As Sánchez Perona explains, ultra-processed foods appeal to our most primal instincts: "Our organism has a reward system, through neurotransmitters and hormones. When there is a stimulus that we should find pleasurable, the brain releases substances that cause us pleasure (endorphins) or desire (dopamine). Sometimes exaggerated reward responses to certain stimuli appear. This is what the zoologist Nikolaas Tinbergen called supernormal stimuli, which mainly affect our most primal instincts, such as eating".

But why do we start salivating when we see a picture of a pizza in a box or a picture of a chocolate bun? "The response that many people generate to ultra-processed foods is an example of supernormal stimulation. These foods are designed to be more appealing than low-processed foods and elicit a much greater emotional response, which facilitates the development of addictive behaviors," he explains.

Research on ultra-processed foods

Although there is no complete scientific consensus, the NOVA classification system developed by Brazilian researcher Carlos Augusto Monteiro is the most widely used in scientific studies on the effect of ultra-processed foods. "In the 1980s Monteiro observed that the most relevant dietary guidelines did not include industrial foods, but were based on foods that were little or not processed at all, as if cooking was the same as in the mid-20th century," comments the Fat Institute scientist. "That's why a new food classification system was created, taking into account the degree of processing, which has been evolving to be as accurate as possible."

Based on this classification, numerous studies have been carried out with adult and child populations. Although most of them are observational, "there is sufficient data to indicate that the consumption of ultra-processed foods is associated with a greater presence of diseases such as obesity, diabetes or cardiovascular pathologies," says Sánchez Perona.
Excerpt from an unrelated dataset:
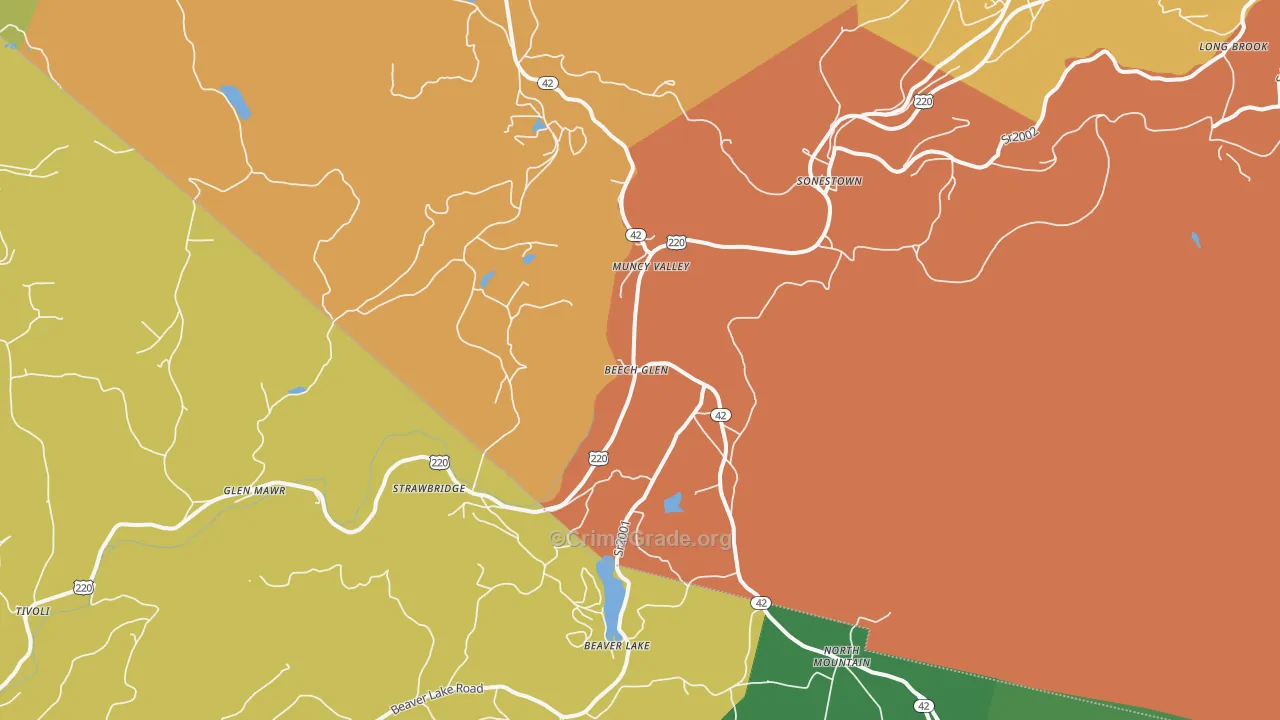 Muncy Valley, PA Map of Burglary Rates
To alleviate in some way this 'call' to the intake of ultra-processed foods, the text mentions some of the measures adopted by public institutions, from taxes on sugary drinks, as occurs in Latin American countries, to front labeling that helps consumers to make informed decisions about the foods they buy. One example is color-based labeling systems, such as the "traffic light" model. It is used in the United Kingdom and Ecuador and uses green to indicate beneficial content, amber for more or less harmful content and red for directly harmful substances. Nutri-Score, developed in France, is another such system; in addition to colors, it uses letters to indicate whether foods are more or less healthy.

The CSIC researcher also analyzes some of the applications that have recently emerged to scan labels and help consumers make healthier decisions when shopping. In any case, "it is not clear which system is the most suitable for incorporation into packaging or which is the most useful for identifying ultra-processed foods. It is paradoxical, but despite living in the information age, the public, especially younger people, consider themselves uninformed in this area," he concludes.

Note: This article has been translated using a computer system without human intervention. LUMITOS offers these automatic translations to present a wider range of current news. Since this article has been translated with automatic translation, it is possible that it contains errors in vocabulary, syntax or grammar. The original article in Spanish can be found here.